_WHAT YOU ARE ASKED TO DO_: Some entries follow. Reproduce exactly the lines starting at the one with "空と一緒に見える金木星の木" and stopping after the one with "Graphical abstract: Enhanced".

_PROVIDED MATERIAL_:
..........

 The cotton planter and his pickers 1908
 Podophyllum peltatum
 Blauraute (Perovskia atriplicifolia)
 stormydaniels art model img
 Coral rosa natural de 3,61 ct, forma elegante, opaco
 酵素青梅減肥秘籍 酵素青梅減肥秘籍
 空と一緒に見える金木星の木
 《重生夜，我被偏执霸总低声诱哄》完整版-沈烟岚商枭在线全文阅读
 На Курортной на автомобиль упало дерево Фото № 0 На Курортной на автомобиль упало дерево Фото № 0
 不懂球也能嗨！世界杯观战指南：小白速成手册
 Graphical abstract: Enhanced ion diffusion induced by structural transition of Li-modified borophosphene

..........

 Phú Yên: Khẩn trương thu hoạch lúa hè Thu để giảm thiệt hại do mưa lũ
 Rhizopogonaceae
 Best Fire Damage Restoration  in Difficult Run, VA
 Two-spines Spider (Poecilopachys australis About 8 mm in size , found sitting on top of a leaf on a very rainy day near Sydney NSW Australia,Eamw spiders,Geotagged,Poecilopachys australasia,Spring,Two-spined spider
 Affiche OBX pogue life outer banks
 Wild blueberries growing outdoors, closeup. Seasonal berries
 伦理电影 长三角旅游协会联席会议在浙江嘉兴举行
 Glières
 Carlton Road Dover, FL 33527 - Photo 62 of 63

..........

_WRITTEN RESPONSE_:
 空と一緒に見える金木星の木
 《重生夜，我被偏执霸总低声诱哄》完整版-沈烟岚商枭在线全文阅读
 На Курортной на автомобиль упало дерево Фото № 0 На Курортной на автомобиль упало дерево Фото № 0
 不懂球也能嗨！世界杯观战指南：小白速成手册
 Graphical abstract: Enhanced ion diffusion induced by structural transition of Li-modified borophosphene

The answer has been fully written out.